Building Python and prcVis Code

see description in the individual directories. Eventual build system will be migrated to cmake. But for now, python and qmake are being used.

Cross compiling to MS Windows using mingw

Create toolchain file and store in ~/cmake/toolchain-minw32.cmake where the toolchain-minw32.cmake would contains (on debian wheezy):

# the name of the target operating system
SET(CMAKE_SYSTEM_NAME Windows)
# which compilers to use for C and C++
SET(CMAKE_C_COMPILER i586-mingw32msvc-gcc)
SET(CMAKE_CXX_COMPILER i586-mingw32msvc-g++)
SET(CMAKE_RC_COMPILER i586-mingw32msvc-windres)
# here is the target environment located
SET(CMAKE_FIND_ROOT_PATH  /usr/i586-mingw32msvc /home/drh/mingw-32 )
# adjust the default behaviour of the FIND_XXX() commands:
# search headers and libraries in the target environment, search
# programs in the host environment
SET(CMAKE_FIND_ROOT_PATH_MODE_PROGRAM NEVER)
SET(CMAKE_FIND_ROOT_PATH_MODE_LIBRARY ONLY)
SET(CMAKE_FIND_ROOT_PATH_MODE_INCLUDE ONLY)

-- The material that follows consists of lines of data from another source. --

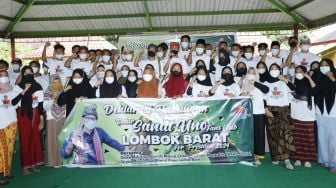 Berharap Bisa Perbaiki Ekonomi dan Buka Lapangan Kerja, Milenial di NTB Dukung Sandiaga Uno di 2024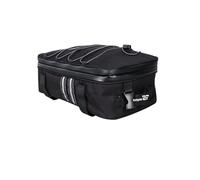 EQJSHL Sacoches De Top Case Moto, Sacoches De Rangement, Sacs À Outils Étanches pour B&MW R 1200 1250 GS LC ADV, F650GS G310GS ADV Sacoches cavalières(1 Sac supérieur)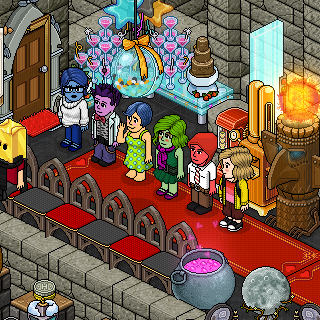 Photo by LaUrIz=DHabbo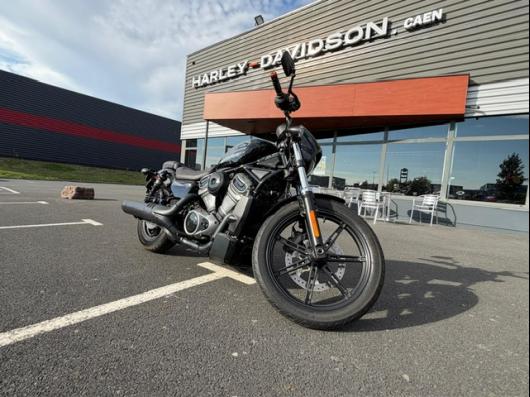 HARLEY-DAVIDSON SPORTSTER NIGHTSTER 975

and ~/cmake/toolchain-minw64.cmake where the toolchain-minw64.cmake would contains (on debian wheezy):

# the name of the target operating system
SET(CMAKE_SYSTEM_NAME Windows)
# which compilers to use for C and C++
SET(CMAKE_C_COMPILER amd64-mingw32msvc-gcc)
SET(CMAKE_CXX_COMPILER amd64-mingw32msvc-g++)
SET(CMAKE_RC_COMPILER amd64-mingw32msvc-windres)
# here is the target environment located
SET(CMAKE_FIND_ROOT_PATH  /usr/amd64-mingw32msvc /home/drh/mingw-64 )
# adjust the default behaviour of the FIND_XXX() commands:
# search headers and libraries in the target environment, search
# programs in the host environment
SET(CMAKE_FIND_ROOT_PATH_MODE_PROGRAM NEVER)
SET(CMAKE_FIND_ROOT_PATH_MODE_LIBRARY ONLY)
SET(CMAKE_FIND_ROOT_PATH_MODE_INCLUDE ONLY)
then when running cmake add:
-DCMAKE_TOOLCHAIN_FILE=~/cmake/toolchain-minw32.cmake
or
-DCMAKE_TOOLCHAIN_FILE=~/cmake/toolchain-minw64.cmake

Commandline programs

pinchRatioClustering

The main driver program that reads a data file and attempts to determine clusters. The executable is found in the prc directory of the build location.

usage: pinchRatioClustering [long options] [filename [numberOfPartitions]]

will read data file filename and attempt to find numberOfPartitions clusters. Possible long options include

--dataInput string
 Data file name. The data file name be point data or and adjacency graph. May also be passed as a non-option. That is, the first command line parameter without the -- is assumed to be the data file name. The structure of the data file is specified with the fileType option.
--fileType integer
 Specifies the data file type. 0 mean a point data file. 1 mean an adjacency matrix file. Point data files expect one data point per line. The adjacency matrix file expects a sparse matrix format.
--pointSimilarity integer
 

Specifies the similarity measure type to use for point data files.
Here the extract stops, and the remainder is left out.